Never have I given so much thought to water.
Here, now after I wash my face, it feels a size too small....one's skin feels dry and one becomes a lover of oils and creams, coconut and avocado oils, shea and mango and cocoa butters.....one uses hair conditioners by the handful. The air is so dry that one notices the lack of moisture in ones' lungs, in ones' nasal passages, in ones' eyes.
Palettes of watercolor paints are dry in no time...I was accustomed to covering my palette and the puddles of paint would remain until I returned and uncovered the palette to find the same puddles, waiting for me. Now I need to add purified water with an eye dropper, reconstituting the evaporated paint.
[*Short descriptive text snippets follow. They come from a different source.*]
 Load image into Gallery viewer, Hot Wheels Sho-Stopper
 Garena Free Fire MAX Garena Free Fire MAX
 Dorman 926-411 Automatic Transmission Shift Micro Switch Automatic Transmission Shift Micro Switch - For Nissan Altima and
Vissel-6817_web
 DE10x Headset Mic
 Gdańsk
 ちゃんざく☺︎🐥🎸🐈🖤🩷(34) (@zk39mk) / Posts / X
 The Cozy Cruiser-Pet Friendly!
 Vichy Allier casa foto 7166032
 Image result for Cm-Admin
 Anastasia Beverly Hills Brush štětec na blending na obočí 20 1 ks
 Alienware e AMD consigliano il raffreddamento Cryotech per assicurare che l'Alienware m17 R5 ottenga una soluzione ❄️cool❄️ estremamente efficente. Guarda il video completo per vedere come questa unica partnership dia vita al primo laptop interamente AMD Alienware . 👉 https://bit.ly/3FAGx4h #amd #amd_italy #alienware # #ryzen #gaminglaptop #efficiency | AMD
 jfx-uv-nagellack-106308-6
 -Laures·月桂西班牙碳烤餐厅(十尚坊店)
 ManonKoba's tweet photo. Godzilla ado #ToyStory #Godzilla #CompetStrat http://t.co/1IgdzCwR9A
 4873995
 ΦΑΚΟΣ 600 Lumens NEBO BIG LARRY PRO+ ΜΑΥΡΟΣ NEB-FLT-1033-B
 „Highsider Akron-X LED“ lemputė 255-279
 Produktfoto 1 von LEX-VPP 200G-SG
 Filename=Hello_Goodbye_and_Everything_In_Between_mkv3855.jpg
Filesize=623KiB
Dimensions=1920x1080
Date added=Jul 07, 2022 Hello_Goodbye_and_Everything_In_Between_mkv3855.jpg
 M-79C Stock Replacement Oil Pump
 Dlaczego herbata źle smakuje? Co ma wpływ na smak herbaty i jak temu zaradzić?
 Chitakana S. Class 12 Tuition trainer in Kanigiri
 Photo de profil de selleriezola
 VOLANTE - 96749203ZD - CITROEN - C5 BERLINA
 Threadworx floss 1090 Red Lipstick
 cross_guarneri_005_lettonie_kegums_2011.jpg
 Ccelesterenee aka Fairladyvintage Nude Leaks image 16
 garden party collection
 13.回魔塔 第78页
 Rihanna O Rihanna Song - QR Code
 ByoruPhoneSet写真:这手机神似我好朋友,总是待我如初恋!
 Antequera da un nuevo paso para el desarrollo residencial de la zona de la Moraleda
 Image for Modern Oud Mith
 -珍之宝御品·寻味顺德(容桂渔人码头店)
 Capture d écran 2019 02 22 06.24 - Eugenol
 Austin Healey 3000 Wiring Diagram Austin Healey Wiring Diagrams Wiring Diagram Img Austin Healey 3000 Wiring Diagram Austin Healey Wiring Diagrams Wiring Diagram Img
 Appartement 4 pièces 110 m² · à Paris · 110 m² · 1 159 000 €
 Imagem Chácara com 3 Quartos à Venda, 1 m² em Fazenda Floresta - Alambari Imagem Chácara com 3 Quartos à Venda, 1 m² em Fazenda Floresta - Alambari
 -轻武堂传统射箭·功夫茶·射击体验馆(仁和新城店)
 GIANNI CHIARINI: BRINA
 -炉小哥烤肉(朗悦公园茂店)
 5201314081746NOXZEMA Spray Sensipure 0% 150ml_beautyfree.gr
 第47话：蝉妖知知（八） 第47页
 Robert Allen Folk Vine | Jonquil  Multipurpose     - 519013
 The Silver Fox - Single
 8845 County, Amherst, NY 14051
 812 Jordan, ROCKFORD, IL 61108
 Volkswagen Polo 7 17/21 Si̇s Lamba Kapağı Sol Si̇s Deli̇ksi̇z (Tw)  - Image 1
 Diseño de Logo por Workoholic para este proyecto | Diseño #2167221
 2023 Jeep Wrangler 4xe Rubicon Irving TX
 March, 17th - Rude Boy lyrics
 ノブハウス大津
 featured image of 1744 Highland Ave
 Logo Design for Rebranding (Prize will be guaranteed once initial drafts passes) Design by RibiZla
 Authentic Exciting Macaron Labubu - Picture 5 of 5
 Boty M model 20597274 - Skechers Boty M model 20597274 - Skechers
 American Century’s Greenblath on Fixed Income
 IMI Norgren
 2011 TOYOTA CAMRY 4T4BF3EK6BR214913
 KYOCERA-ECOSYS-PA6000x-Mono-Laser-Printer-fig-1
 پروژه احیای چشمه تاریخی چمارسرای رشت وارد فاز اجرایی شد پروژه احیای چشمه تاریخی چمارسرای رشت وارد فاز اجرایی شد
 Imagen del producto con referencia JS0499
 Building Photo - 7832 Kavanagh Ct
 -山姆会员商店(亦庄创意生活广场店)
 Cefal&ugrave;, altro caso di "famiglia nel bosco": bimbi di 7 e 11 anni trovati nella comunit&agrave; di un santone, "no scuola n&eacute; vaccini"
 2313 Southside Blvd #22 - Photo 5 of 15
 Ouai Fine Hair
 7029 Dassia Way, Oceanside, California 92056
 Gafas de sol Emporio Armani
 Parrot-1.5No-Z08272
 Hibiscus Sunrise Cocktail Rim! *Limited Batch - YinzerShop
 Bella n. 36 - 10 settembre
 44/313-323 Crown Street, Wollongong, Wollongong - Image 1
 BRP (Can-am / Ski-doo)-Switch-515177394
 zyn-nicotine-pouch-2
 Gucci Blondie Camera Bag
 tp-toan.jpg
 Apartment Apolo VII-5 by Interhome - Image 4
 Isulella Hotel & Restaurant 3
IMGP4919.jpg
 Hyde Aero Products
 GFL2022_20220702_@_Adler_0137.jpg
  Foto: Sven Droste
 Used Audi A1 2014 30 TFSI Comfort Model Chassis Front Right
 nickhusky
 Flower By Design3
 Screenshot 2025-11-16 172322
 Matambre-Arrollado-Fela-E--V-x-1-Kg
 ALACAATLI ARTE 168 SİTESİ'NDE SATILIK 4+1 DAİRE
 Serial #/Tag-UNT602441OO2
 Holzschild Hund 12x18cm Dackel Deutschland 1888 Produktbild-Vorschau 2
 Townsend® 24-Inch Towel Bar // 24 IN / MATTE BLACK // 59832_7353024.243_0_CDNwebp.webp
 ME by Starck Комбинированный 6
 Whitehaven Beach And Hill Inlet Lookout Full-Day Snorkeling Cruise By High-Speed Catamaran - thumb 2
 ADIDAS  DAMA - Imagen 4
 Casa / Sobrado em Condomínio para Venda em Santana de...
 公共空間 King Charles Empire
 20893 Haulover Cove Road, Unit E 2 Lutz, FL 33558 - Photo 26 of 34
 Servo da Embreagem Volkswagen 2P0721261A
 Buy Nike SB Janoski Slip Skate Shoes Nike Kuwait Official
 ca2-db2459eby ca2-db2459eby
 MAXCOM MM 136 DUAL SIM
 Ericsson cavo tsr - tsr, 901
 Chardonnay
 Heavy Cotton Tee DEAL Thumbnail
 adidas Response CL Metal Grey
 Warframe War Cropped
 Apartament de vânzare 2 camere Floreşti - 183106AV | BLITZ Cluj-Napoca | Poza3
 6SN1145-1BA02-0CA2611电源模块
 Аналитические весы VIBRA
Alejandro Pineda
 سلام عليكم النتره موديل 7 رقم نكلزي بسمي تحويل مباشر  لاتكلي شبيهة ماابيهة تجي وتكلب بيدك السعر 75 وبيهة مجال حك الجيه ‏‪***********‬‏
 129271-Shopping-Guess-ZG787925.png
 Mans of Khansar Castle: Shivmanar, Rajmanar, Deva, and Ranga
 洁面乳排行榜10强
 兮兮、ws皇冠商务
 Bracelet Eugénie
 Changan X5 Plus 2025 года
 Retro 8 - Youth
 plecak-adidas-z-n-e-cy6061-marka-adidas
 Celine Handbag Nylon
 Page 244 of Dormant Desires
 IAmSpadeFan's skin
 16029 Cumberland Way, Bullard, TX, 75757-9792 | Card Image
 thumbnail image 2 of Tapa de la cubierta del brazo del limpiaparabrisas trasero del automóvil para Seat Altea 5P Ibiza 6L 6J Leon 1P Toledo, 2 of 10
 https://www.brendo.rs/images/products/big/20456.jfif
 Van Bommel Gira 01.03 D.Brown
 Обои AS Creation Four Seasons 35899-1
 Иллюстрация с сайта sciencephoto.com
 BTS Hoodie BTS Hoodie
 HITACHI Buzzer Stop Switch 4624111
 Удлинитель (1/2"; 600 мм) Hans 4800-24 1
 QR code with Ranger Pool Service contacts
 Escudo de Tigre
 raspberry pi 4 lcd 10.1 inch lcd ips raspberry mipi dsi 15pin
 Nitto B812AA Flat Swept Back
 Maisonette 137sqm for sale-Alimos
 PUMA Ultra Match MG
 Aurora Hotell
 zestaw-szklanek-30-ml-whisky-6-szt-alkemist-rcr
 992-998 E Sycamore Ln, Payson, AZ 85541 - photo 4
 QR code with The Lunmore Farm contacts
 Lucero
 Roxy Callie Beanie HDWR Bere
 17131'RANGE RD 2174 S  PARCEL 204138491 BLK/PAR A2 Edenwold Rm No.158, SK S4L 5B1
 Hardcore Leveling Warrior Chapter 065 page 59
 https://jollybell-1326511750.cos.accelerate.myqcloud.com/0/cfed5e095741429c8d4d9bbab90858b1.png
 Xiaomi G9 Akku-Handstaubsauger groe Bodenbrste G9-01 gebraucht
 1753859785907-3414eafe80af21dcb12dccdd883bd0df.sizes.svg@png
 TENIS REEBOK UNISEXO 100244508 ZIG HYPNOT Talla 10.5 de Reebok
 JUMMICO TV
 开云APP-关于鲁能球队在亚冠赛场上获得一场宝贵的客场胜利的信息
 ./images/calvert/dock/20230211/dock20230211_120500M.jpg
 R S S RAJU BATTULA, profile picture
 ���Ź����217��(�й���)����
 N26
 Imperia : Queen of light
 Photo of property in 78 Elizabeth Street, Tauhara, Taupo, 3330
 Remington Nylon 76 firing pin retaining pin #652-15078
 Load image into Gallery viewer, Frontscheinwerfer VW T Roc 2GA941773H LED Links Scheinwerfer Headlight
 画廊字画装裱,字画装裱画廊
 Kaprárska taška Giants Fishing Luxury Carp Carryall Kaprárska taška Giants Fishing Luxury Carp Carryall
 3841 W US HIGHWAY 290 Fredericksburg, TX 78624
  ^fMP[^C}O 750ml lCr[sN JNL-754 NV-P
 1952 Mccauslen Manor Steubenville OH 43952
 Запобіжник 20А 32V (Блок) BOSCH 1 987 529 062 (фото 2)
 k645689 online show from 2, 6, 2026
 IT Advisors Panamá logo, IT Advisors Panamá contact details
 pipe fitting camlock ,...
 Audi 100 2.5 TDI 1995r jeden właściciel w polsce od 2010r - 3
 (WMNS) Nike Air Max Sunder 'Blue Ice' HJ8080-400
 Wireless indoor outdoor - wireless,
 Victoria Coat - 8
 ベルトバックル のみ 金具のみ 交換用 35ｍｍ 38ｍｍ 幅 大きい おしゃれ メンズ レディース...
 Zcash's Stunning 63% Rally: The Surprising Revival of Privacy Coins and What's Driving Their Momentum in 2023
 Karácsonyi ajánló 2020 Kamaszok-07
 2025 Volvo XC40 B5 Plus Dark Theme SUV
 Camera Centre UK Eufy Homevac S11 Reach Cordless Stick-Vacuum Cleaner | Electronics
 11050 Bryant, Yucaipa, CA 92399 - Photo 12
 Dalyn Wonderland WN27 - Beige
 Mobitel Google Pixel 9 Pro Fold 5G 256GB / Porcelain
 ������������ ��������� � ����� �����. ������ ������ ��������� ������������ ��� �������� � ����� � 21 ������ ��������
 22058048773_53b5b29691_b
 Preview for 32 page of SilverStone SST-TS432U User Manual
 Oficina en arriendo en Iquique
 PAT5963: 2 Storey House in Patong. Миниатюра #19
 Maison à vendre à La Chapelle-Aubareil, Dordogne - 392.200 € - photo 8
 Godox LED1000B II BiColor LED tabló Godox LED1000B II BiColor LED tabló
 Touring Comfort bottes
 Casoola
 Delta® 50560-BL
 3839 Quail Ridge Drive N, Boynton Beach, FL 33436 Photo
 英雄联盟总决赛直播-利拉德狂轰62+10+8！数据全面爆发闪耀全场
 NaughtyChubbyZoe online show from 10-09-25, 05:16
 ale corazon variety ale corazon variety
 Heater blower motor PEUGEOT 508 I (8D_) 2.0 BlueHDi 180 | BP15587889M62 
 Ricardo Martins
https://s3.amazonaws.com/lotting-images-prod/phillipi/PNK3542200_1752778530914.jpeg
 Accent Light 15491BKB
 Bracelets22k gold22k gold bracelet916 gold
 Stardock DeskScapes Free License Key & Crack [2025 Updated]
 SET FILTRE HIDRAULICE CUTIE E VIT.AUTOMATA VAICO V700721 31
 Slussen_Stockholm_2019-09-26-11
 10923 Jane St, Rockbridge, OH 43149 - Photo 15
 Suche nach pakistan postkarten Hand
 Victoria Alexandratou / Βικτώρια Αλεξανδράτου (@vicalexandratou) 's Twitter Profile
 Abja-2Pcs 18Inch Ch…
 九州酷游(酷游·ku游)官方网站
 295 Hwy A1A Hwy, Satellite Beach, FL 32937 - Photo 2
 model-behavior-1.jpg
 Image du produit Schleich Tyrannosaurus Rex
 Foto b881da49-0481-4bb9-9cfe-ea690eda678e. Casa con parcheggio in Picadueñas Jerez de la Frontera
Painting a wash over a large area, once is forced to act quickly, without hesitation as the window of opportunity shrinks.Frisket dries quickly, stretched paper dries in no time as well.
Without water life withers, witholds, becomes less magnanimous.
I appreciate and bless and love water with a new found wonder and depth of feeling. Water is life and water is a metaphor for flow.
Unimpeded flow, uncontaminated, crystalline, abundant flow.
There is only abundant Flow, there is only Source.....
Flow of water, flow of resources, flow of energy and creativity and flow of ideas. Free flow of heartfelt love and attention and empathy and understanding. Valves wide open with no blockages. Lack and Scarcity are merely the valves blocked, shut down, the pipes corroded. Abundance chafing against resistance.
I am picturing Life as Water today.
Filling me with happiness as the tinaco fills with water.
2 comments:
oh dear Wendy do I know your pain!...almost at least. New Mexico can make one feel like your lost in an oven and your skin fried & tight...hot dry lungs, bloody noses, dry eyes...but when the sky does open up, people rejoice and dance in the streets. We save each drop from the sky in buckets, stare in awe at the raging water flowing through the city arroyos, where every year someone is so tempted that they get too close and fall in, either to their death or serious injury. It's all a foreign life force to those desert rats. Sad and funny.
I wonder how the fierce heat and harsh climate contribute to creativity, as water does in your metaphore for life? the yin and yang of it all? I'll think of something to add. Monica
Wendy,
I just discovered your blog! :)Wow, you're really a good writer! I laughed out loud several times! (Pink and black cats, indeed!)
And the water! Having lived in Mexico City for a few months, I can relate! The wonder for me was running hot water when I got back to the States--not having to light the water heater and wait a half an hour all for a quick 3
minute "hot" shower!!
You ought to put all this together, title it "How not to move to Mexico" or some such, and get it published!